What lies beneath: Muon detectors are unleashing the secrets of what lies beneath Egyption and Mayan pyramids, as well as other ancient archaeological ruins.
Credit: Photolibrary
MUON DETECTORS HAVE a rich history of revealing the unusual and the unseen. Sixty years ago, scientists in Australia used them to measure layers of mountain snow. Today, Japanese scientists are testing them as a way to track magma rising in volcanoes. Border patrol agencies in the U.S. see the technology as a potential way to uncover radioactive materials hidden inside cargo containers and trucks.
It was about 40 years ago that archaeologists tapped muons for the first time. Luis Alvarez, a Nobel Prize-winning physicist at the University of California, Berkeley, wondered if muons might reveal chambers in the Second Pyramid of Chephren, one of the three great pyramids of Egypt that had somehow escaped the notice of archaeologists and looters for 4,500 years.
Alvarez and his team put a detector in the Belzoni Chamber, near the centre of the pyramid's base, and left it to collect muons for two years. They concluded that no additional chambers were hidden in the limestone above, although the scan could distinguish the four edges of the pyramid and what remained of its smooth limestone facing. While it would have been more exciting to discover a new chamber, this information still proved valuable for Egyptologists and archaeologists studying the pyramid – and it showed that the technique worked.
There are other high-tech ways to explore a ruin. Ground-penetrating radar reflects off buried features, while electrical probes measure the increased resistance to electrical flow due to the presence of stone and brick. Though useful, neither of them probes as deeply or takes as wide a view as a muon detector does.
In the early 1970s, a pair of archaeologists cleared stone and gravel out of a well at the base of the world's third-largest pyramid, the Pyramid of the Sun at Teotihuacán in Mexico. Beneath the rocks they found a stairway leading to a tunnel 100 metres long and eight metres below ground. It opened up an extraordinary opportunity for the physics community, Menchaca Rocha says: "It is the key that will allow us to carry out an experiment similar to that of Alvarez" by placing a muon detector directly below the pyramid.

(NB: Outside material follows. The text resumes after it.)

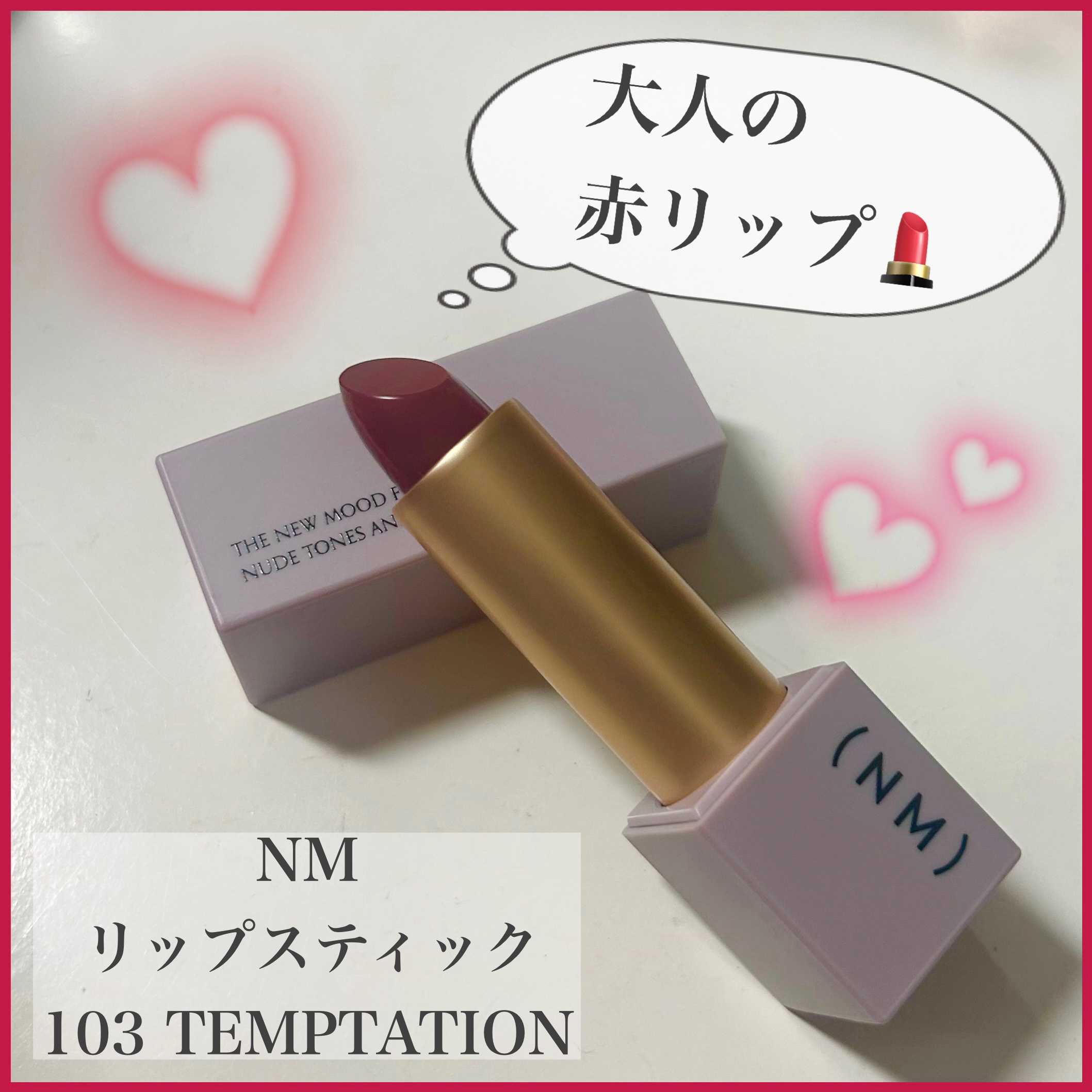 リップスティック/(NM)/口紅を使ったクチコミ（1枚目）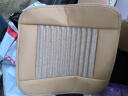 布雷什（BOLISH）汽车坐垫四季皮麻养生方垫座垫夏季办公椅垫单片米色 晒单实拍图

Menchaca Rocha published a preliminary paper on the method in the journal Nuclear Instruments and Methods in Physics Research in February, and hopes to begin collecting data by the end of 2008. The detector contains six gas-filled chambers, and when a muon travels through one of them, it collides with particles in the gas and gives off light. By recording those light fl ashes and noting exactly where the muon entered and left the chamber, researchers can calculate its energy and trajectory. Menchaca Rocha thinks the detector will reveal any cavity more than 75 cm tall.
The results could help to answer a question that has stumped archaeologists for decades: what was the purpose of the pyramid?
Linda Manzanilla, an archaeologist with UNAM, studies Teotihuacán, once a bustling centre full of pyramids and temples. "It was a city that attracted many people," she says, "and it flourished for five centuries." She believes a volcanic eruption drove people from the north towards the valley where the metropolis rose: "There they built a temple to appease the fire gods."
Originally devoted to agriculture, the temple became a symbol of the state and its rulers. Could one of those rulers lie in a tomb within the Pyramid of the Sun? Manzanilla doesn't think so. No tombs have been found there yet, and she doesn't think that will change.